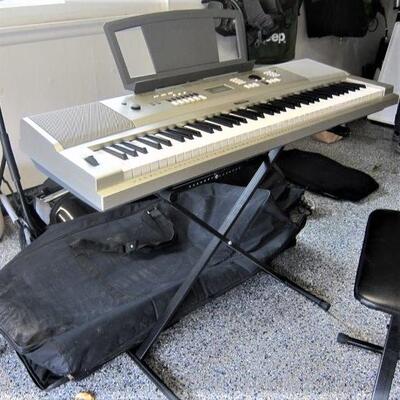 Yamaha Keyboard with stand and bench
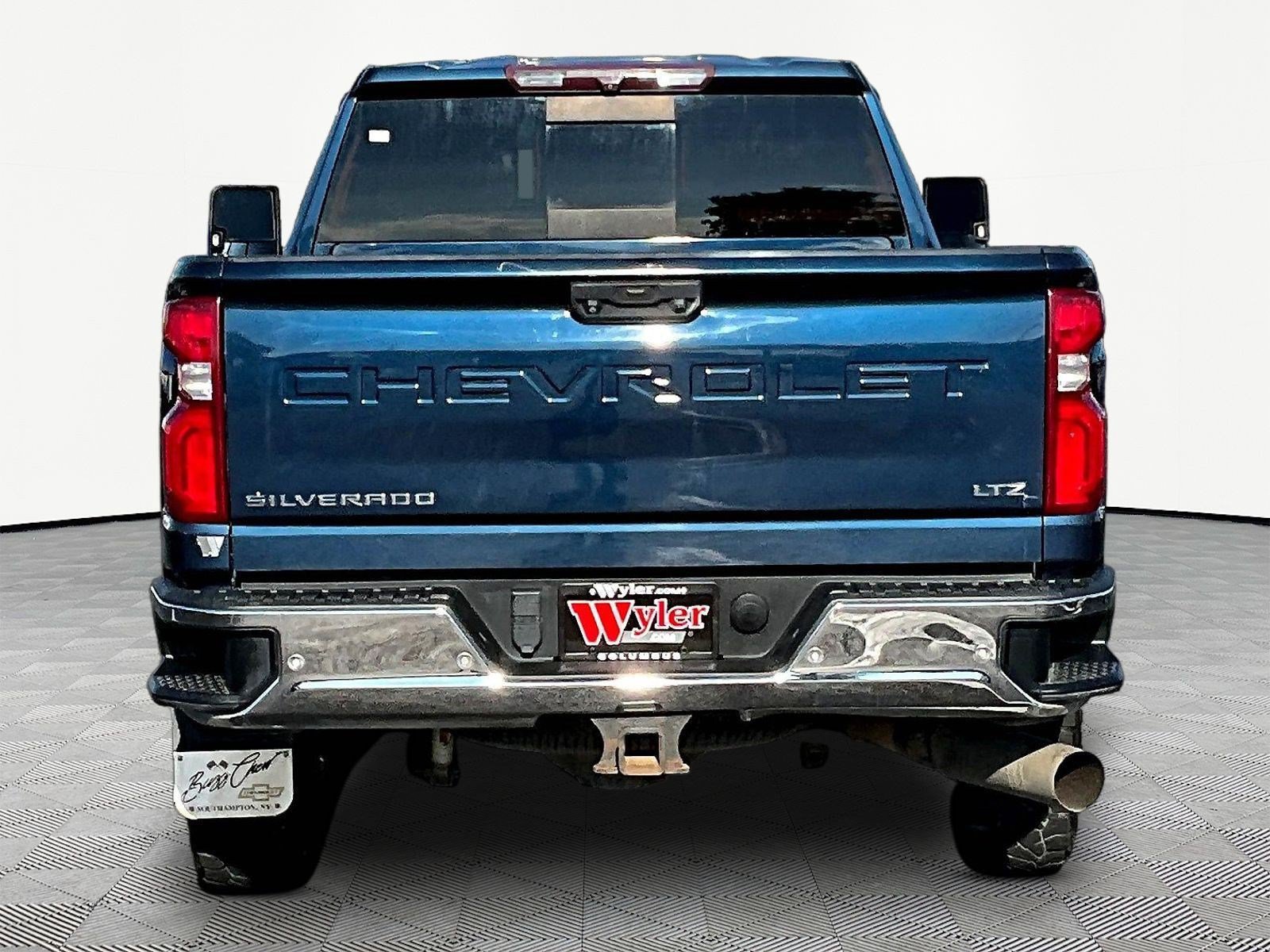 Used 2020 Chevrolet Silverado 3500 LTZ w/ LTZ Plus Package AWD/4WD image 5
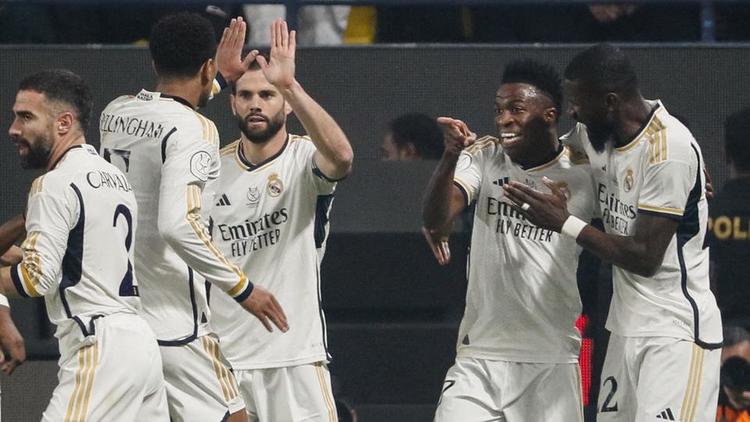 Le Real Madrid écrase le Barça dans le Clasico et s'offre la Supercoupe d'Espagne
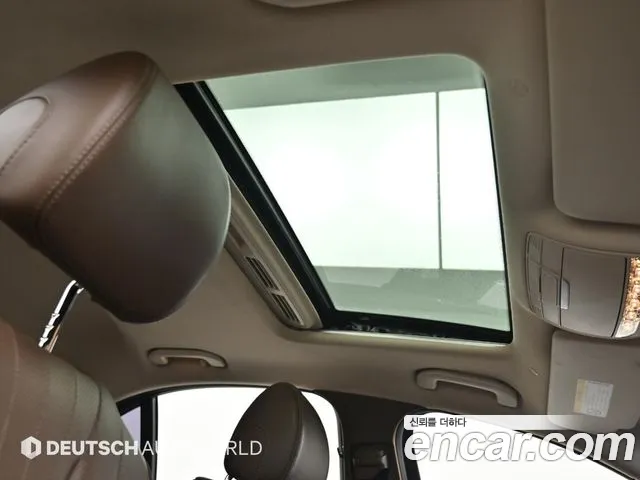 Mercedes-Benz E-Class 2018 thumb 7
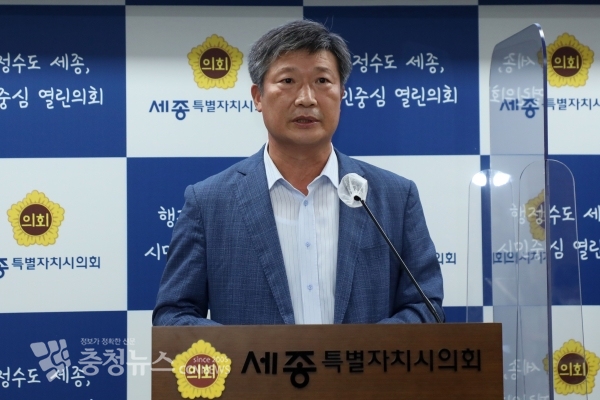 브리핑 하는 유철규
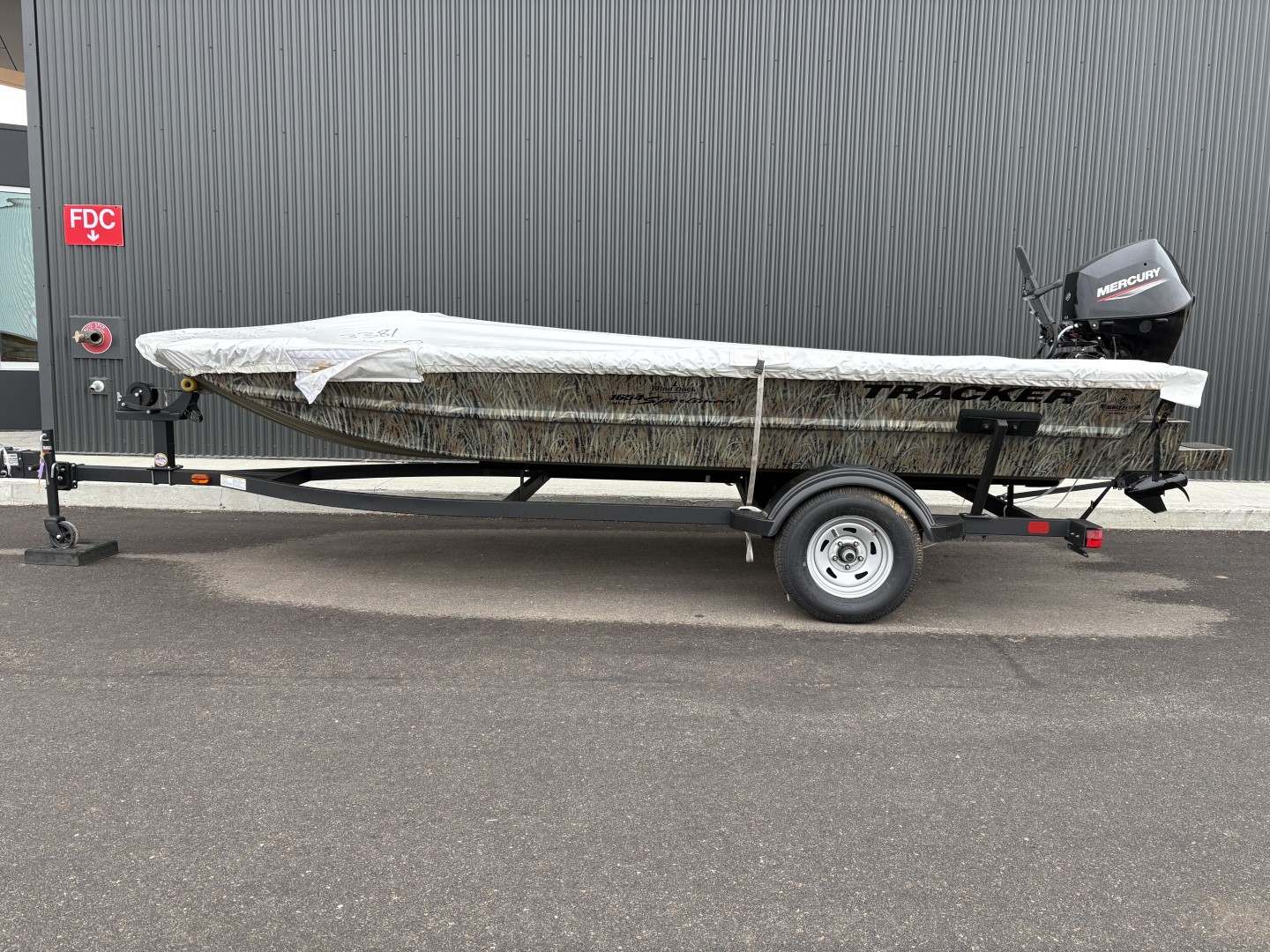 2026 Tracker Boats GRIZZLY 1654 SPORTSMAN JON 30HP - Photo 4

===

Exercise instructions: Could you write out all the records exactly, without the pictures?

Answer space:
 Yamaha Keyboard with stand and bench
 Used 2020 Chevrolet Silverado 3500 LTZ w/ LTZ Plus Package AWD/4WD image 5
 Le Real Madrid écrase le Barça dans le Clasico et s'offre la Supercoupe d'Espagne
 Mercedes-Benz E-Class 2018 thumb 7
 브리핑 하는 유철규
 2026 Tracker Boats GRIZZLY 1654 SPORTSMAN JON 30HP - Photo 4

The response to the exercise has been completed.